Пока Лео разбирала неровные строчки, она чувствовала, как в груди воздуха становится всё меньше и меньше, словно наполняется огромный пузырь и её вот-вот разметает на множество частей. Она упала на бетонный пол, и наконец рыдания разорвали эту тишину и пустоту, что была в ней, омывая спасительными слезами её душу. Она рыдала, кричала, выла так, что стражники, наплевав на пост, ворвались к ней в камеру, пытались успокоить, понять что с ней.
Позвали лекаря. Придворный целитель напоил её чем-то против воли, и Лео впала в апатичное состояние, так и не разжав руку с заветной запиской. Её отнесли в опочивальню — никто этому, как ни странно, не препятствовал.
***
Леонелла не помнила сколько времени провела, то выныривая из небытия и снова впадая в истерику, то снова погружаясь в забвение.
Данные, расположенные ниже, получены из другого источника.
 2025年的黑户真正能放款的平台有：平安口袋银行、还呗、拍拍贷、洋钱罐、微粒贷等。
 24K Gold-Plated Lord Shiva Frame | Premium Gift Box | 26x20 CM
Ускользающим сознанием она понимала, что её осматривают, накладывают повязки. Чувствовала боль, когда чистили гнойные раны. Но больше всего Лео мучилась тоской по утеряной навсегда любви — как ни старалась она уберечь Матео, всё равно не уберегла, и это бессилие снедало её. Ей грезились его нежные, почти невесомые прикосновения, страстные поцелуи, сумасводящие ласки, его тёплый, обволакивающий взгляд, сильные руки… И она понимала, что ничего этого в её жизни уже не будет. Она боялась даже представить — чтобы не сойти с ума окончательно, — что испытывал Матео, когда его схватили, всё его бессилие перед королём или, может, он пытался сопротивляться?.. Она ничего не знала, а то, что рисовало её воображение, неотвратимо затягивало в пучину безумия.